**WORK REQUIRED**
Find the line with "Obviously, seed under" in the records below. Copy it and every line after it, up to and including the line with "And these numbers".

**RECORDS FOR THE TASK**
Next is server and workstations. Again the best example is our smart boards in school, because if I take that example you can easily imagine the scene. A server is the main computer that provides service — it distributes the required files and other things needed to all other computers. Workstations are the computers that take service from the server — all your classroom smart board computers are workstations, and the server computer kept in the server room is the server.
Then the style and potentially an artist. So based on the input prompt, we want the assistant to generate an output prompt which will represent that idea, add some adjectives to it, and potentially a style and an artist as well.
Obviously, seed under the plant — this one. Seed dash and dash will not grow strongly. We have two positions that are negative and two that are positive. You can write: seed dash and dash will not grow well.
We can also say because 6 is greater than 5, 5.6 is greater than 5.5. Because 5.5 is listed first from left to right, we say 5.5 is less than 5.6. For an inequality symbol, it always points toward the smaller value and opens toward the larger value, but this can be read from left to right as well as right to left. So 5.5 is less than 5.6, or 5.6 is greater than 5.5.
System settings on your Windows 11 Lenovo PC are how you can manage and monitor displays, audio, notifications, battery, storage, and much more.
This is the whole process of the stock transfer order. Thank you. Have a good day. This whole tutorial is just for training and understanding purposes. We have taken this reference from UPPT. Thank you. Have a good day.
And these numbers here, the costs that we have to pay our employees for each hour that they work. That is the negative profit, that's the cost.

--

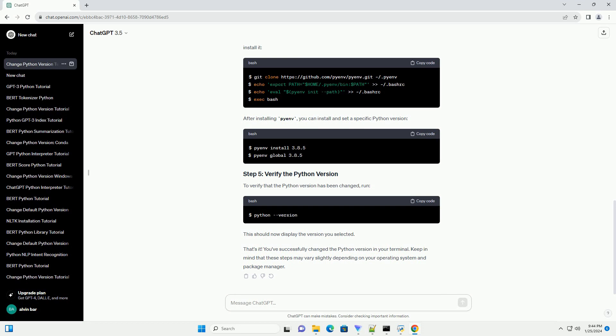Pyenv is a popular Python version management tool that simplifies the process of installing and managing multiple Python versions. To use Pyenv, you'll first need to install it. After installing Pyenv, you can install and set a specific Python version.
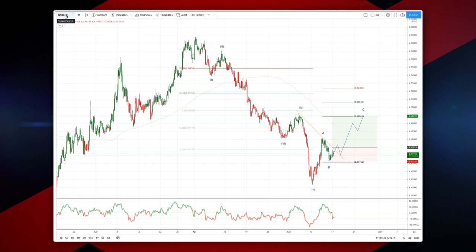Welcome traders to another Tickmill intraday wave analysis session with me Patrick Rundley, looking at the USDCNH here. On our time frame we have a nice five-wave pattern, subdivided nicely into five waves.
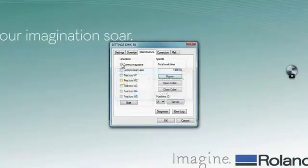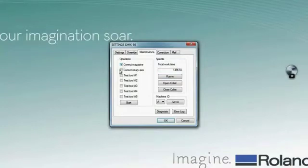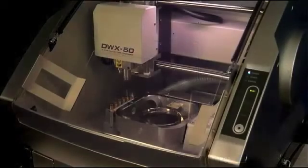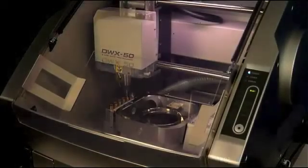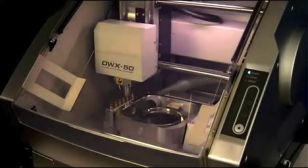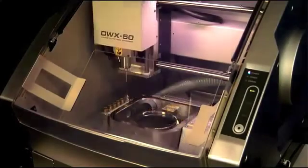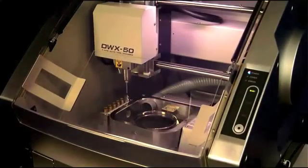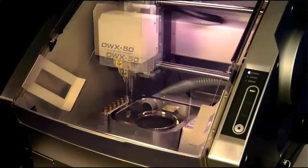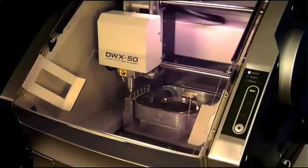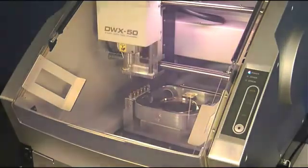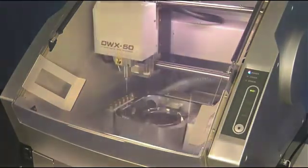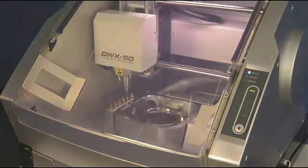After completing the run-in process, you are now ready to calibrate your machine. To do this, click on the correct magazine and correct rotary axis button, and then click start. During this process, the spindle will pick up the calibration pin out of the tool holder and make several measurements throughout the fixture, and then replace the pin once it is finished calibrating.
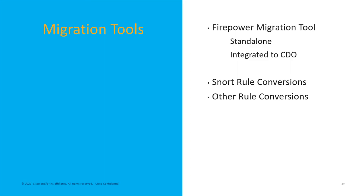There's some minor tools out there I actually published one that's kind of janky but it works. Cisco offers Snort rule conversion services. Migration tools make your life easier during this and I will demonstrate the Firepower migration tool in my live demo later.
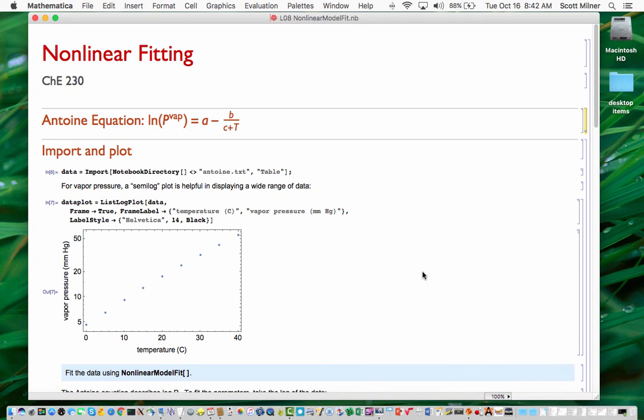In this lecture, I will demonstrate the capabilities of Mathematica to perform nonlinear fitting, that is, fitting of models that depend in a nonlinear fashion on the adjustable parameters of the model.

**RESPONSE BELOW**
Obviously, seed under the plant — this one. Seed dash and dash will not grow strongly. We have two positions that are negative and two that are positive. You can write: seed dash and dash will not grow well.
We can also say because 6 is greater than 5, 5.6 is greater than 5.5. Because 5.5 is listed first from left to right, we say 5.5 is less than 5.6. For an inequality symbol, it always points toward the smaller value and opens toward the larger value, but this can be read from left to right as well as right to left. So 5.5 is less than 5.6, or 5.6 is greater than 5.5.
System settings on your Windows 11 Lenovo PC are how you can manage and monitor displays, audio, notifications, battery, storage, and much more.
This is the whole process of the stock transfer order. Thank you. Have a good day. This whole tutorial is just for training and understanding purposes. We have taken this reference from UPPT. Thank you. Have a good day.
And these numbers here, the costs that we have to pay our employees for each hour that they work. That is the negative profit, that's the cost.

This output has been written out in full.